Open season on banks spells trouble for finance

Is anyone else failing to get very angry over the latest scandal engulfing Goldman Sachs? The world’s most-successful investment bank is in trouble again, this time over a fraud alleged by the American regulators, the Securities and Exchange Commission, over the way it sold mortgage derivatives. It may well face fines running into hundreds of millions.

But, in reality, what the Goldman case tells us isn’t that the bank may have broken the law. That remains to be seen. Nor that it can sometimes behave in a very self-interested way. It tells us something much more interesting – and a lot more threatening in the long-term. There is a witch hunt underway against big banks, both on Wall Street and in the City of London. Financial firms have lost their legitimacy to operate. They’re getting punished for the bail-outs, and for the way they went back to paying themselves huge bonuses straight afterwards. They need to start thinking a lot harder about how they can win back some measure of public acceptance – or face a slow, painful death by a thousand lawsuits.

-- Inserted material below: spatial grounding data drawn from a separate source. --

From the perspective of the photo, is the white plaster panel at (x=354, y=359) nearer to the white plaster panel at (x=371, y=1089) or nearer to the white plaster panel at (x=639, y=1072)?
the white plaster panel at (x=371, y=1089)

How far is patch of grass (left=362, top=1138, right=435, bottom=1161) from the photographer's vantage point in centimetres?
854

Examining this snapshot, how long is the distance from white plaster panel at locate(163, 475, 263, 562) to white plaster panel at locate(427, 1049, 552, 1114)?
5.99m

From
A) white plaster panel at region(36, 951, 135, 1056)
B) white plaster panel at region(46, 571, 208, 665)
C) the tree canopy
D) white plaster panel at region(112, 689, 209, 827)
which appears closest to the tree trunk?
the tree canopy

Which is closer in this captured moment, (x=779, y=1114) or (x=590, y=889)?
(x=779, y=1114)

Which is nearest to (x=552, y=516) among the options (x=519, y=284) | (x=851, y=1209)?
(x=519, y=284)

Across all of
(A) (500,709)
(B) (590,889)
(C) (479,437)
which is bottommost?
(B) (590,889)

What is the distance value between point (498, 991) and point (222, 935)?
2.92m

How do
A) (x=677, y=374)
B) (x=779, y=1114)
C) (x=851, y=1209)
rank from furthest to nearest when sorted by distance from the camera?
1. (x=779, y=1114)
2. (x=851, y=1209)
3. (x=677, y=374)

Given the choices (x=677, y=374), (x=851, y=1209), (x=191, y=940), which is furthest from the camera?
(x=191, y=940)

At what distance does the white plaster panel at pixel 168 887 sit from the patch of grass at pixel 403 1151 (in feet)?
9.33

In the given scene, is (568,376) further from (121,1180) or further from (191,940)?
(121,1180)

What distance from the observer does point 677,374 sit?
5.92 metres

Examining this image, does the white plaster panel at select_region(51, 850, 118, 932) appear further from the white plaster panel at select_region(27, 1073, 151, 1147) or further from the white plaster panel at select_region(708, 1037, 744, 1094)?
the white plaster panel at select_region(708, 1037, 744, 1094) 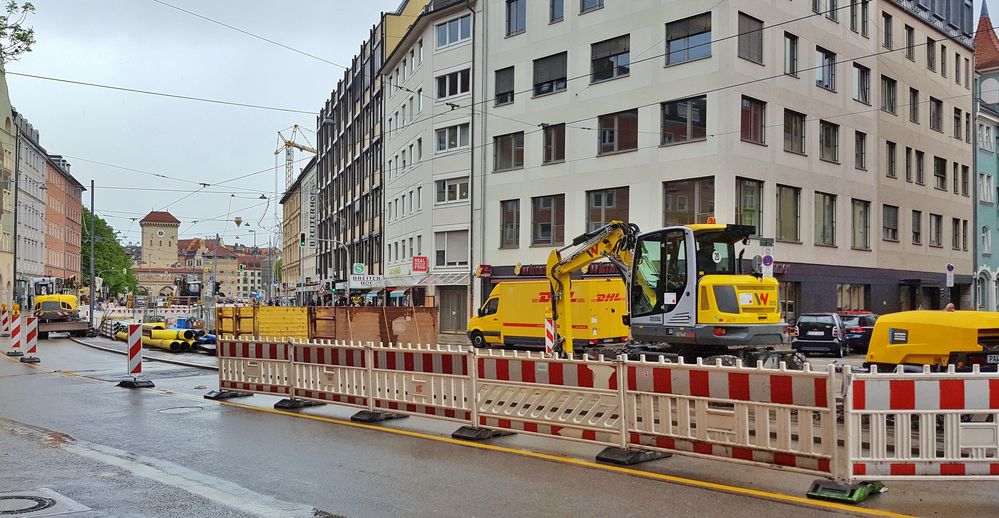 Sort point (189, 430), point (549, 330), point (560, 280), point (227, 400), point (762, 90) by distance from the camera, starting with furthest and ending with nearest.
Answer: point (762, 90)
point (549, 330)
point (560, 280)
point (227, 400)
point (189, 430)

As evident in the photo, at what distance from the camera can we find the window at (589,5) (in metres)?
36.7

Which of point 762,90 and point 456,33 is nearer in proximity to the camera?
point 762,90

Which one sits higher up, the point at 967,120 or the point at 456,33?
the point at 456,33

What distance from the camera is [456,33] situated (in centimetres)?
4453

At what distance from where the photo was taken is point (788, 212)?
114 feet

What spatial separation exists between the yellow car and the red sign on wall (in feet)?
116

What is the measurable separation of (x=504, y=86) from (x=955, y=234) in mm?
27422

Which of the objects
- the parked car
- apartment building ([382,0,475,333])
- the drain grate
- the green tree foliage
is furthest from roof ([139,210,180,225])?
the drain grate

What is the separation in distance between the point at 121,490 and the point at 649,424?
4.97m

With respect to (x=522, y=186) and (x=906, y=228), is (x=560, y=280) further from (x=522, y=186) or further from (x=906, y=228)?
(x=906, y=228)

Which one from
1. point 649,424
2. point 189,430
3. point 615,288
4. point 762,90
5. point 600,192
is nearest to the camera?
point 649,424

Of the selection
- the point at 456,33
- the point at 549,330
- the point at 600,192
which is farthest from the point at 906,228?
the point at 549,330

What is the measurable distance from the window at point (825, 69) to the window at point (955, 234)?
53.4 feet

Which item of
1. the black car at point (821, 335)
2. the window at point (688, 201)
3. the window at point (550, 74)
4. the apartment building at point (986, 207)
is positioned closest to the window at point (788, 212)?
the window at point (688, 201) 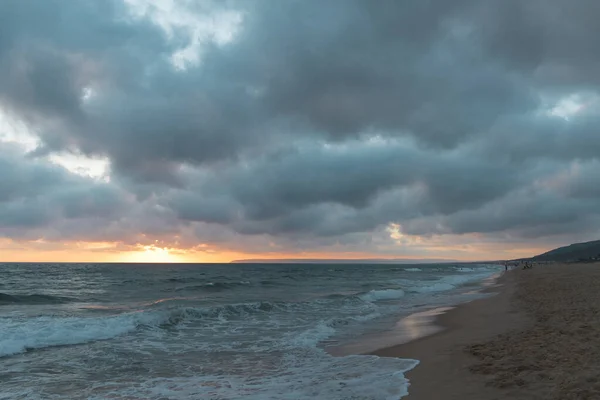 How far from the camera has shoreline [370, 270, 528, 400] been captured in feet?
25.0

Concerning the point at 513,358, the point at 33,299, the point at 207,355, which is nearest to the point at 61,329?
the point at 207,355

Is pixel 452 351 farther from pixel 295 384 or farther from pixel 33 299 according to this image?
pixel 33 299

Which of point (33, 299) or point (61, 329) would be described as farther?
point (33, 299)

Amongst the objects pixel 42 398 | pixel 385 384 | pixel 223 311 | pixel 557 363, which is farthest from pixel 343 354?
pixel 223 311

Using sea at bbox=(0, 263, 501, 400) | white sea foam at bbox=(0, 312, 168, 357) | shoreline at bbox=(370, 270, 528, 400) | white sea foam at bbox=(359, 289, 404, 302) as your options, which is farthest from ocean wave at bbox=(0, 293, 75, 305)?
shoreline at bbox=(370, 270, 528, 400)

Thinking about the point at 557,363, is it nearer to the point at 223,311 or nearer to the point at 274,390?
the point at 274,390

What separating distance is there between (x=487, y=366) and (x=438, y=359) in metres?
1.82

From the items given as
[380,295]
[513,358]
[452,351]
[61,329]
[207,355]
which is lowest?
[380,295]

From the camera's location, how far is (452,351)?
11281 mm

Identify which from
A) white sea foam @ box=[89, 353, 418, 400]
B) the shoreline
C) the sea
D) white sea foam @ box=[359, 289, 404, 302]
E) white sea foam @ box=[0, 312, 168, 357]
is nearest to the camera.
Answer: the shoreline

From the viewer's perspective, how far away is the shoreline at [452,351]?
7613 millimetres

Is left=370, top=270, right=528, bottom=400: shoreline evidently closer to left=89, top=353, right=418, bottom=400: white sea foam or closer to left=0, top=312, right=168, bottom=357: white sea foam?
left=89, top=353, right=418, bottom=400: white sea foam

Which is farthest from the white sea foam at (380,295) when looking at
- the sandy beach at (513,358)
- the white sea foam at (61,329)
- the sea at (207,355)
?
the white sea foam at (61,329)

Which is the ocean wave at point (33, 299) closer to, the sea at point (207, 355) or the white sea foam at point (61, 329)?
the sea at point (207, 355) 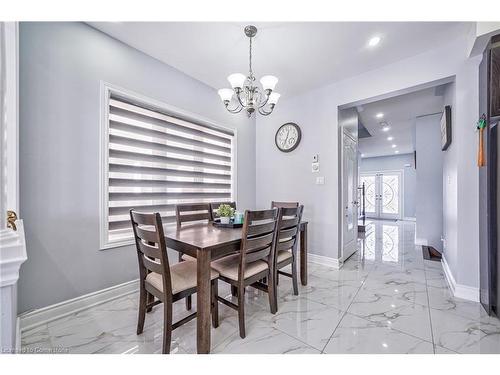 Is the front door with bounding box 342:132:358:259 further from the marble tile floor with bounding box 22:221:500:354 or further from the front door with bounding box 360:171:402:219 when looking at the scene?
the front door with bounding box 360:171:402:219

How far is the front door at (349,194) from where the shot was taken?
10.9 feet

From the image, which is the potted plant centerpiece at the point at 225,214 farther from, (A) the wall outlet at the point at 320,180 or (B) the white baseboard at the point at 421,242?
(B) the white baseboard at the point at 421,242

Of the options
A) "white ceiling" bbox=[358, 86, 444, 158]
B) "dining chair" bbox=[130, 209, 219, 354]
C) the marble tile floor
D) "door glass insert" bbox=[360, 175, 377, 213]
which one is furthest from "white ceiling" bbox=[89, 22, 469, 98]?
"door glass insert" bbox=[360, 175, 377, 213]

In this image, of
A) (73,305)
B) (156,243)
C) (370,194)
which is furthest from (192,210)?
(370,194)

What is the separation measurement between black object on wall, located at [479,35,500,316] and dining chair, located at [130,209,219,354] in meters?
2.32

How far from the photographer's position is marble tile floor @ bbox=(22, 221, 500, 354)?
1.50 metres

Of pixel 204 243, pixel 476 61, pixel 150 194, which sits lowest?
pixel 204 243

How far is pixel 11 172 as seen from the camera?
59.8 inches

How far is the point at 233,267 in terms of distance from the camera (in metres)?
1.79

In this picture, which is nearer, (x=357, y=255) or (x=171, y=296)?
(x=171, y=296)

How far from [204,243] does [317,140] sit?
2503 mm

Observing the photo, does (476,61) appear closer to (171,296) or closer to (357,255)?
(357,255)

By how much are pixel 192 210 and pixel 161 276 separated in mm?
1039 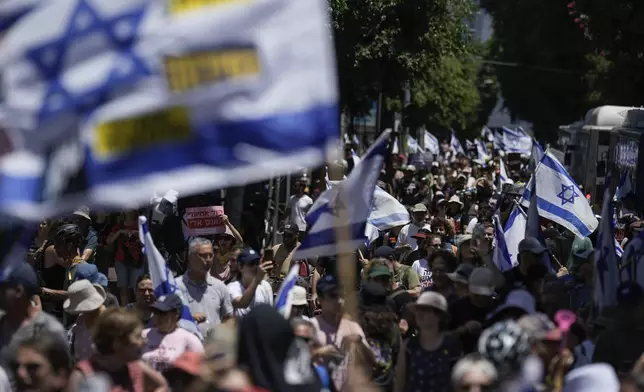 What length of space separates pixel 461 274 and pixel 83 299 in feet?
8.64

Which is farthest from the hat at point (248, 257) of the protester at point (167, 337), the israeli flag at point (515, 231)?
the israeli flag at point (515, 231)

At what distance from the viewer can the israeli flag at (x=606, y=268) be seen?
9.11 meters

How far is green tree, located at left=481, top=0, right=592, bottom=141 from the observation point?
147 feet

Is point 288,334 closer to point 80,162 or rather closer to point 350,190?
point 80,162

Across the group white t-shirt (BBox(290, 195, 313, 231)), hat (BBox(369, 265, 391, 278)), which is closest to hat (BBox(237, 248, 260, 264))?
hat (BBox(369, 265, 391, 278))

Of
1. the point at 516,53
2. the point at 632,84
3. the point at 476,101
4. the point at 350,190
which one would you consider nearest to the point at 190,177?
the point at 350,190

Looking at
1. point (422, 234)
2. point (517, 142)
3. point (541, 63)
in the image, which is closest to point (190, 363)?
point (422, 234)

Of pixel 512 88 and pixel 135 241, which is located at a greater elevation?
pixel 135 241

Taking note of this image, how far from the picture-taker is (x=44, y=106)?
6.45 metres

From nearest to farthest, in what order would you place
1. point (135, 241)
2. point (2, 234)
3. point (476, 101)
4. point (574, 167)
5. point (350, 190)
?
point (2, 234)
point (350, 190)
point (135, 241)
point (574, 167)
point (476, 101)

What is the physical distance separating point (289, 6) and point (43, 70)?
112 cm

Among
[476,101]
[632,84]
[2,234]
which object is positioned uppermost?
[2,234]

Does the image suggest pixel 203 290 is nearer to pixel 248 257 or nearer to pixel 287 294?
pixel 248 257

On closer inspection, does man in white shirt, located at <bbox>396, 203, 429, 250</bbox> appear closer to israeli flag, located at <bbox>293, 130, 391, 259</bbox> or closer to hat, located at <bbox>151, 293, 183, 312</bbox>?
israeli flag, located at <bbox>293, 130, 391, 259</bbox> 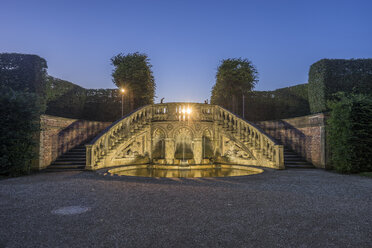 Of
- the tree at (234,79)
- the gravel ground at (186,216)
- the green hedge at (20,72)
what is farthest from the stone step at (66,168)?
the tree at (234,79)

The most striking aspect of the Goldman case is not how shockingly the bank has behaved – but how strange it is to see it being potentially punished for a deal that probably struck it at the time as pretty normal. The case itself is highly complex, but the nub of it is simple enough. Goldman created a derivative, made up of a bunch of different mortgages, that it then sold onto clients knowing it might well turn out to be a fairly rubbish deal.

Nothing in that should surprise anyone in the markets. A trade is a trade. If you buy any financial product, you have to bear in mind that someone else is selling it. That person must think it will go down in value, otherwise they’d hang onto it. But no one actually knows where markets will go next, not even Goldman. So although the investors in this product lost money, as the traders who sold it to them suspected they would, they could just as easily have made a profit. Everyone knows that. The people who bought the allegedly fraudulent derivative were all professional investors – mainly German banks, as it happens. They took a view and they lost.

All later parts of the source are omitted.